START Provided data

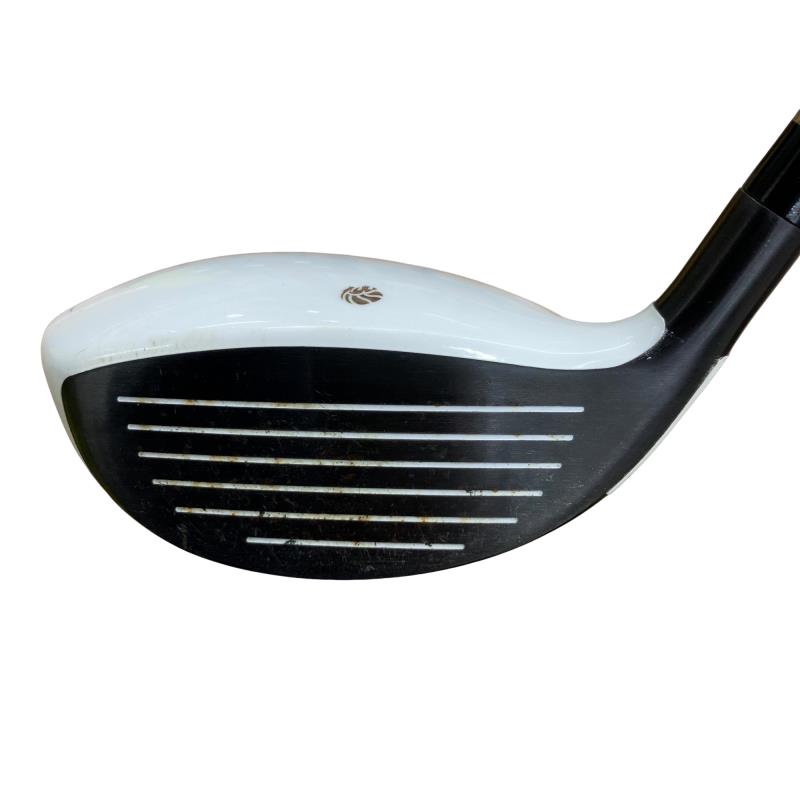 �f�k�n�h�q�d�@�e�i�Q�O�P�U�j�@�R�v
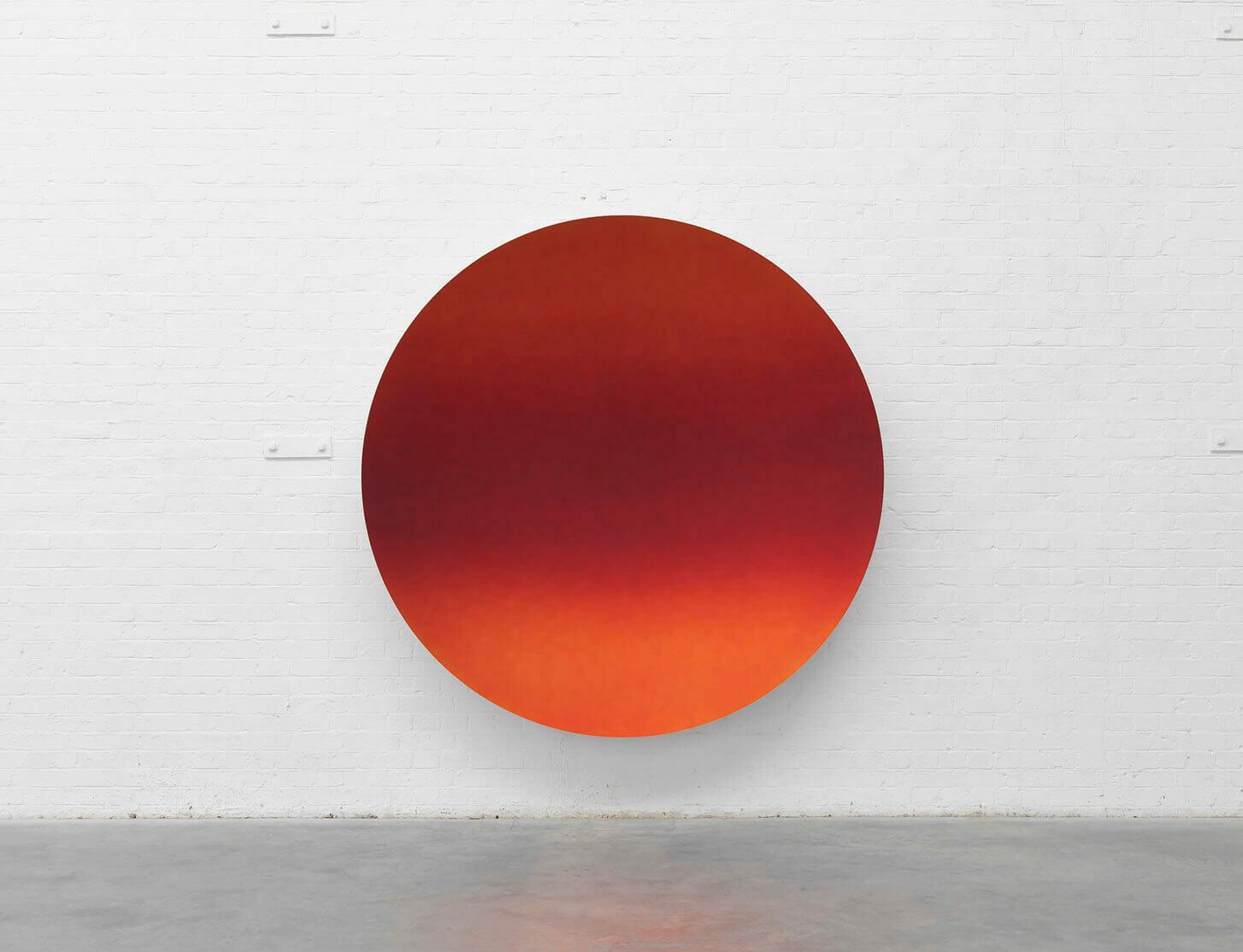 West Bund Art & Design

END Provided data
START Provided data

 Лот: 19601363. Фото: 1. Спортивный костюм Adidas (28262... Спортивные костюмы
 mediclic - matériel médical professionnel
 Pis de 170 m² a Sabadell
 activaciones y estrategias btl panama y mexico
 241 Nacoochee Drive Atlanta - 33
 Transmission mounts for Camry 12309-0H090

END Provided data
START Provided data

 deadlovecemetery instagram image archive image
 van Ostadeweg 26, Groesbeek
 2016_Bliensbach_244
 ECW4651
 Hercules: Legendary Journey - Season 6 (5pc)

END Provided data

Your instructions →
When you reach the line with "deadlovecemetery instagram image" in the records above, start writing out lines exactly, and stop once the line with "Hercules: Legendary Journey - Season 6 (5pc)" has been written; include nothing else.

Result of this task →
 deadlovecemetery instagram image archive image
 van Ostadeweg 26, Groesbeek
 2016_Bliensbach_244
 ECW4651
 Hercules: Legendary Journey - Season 6 (5pc)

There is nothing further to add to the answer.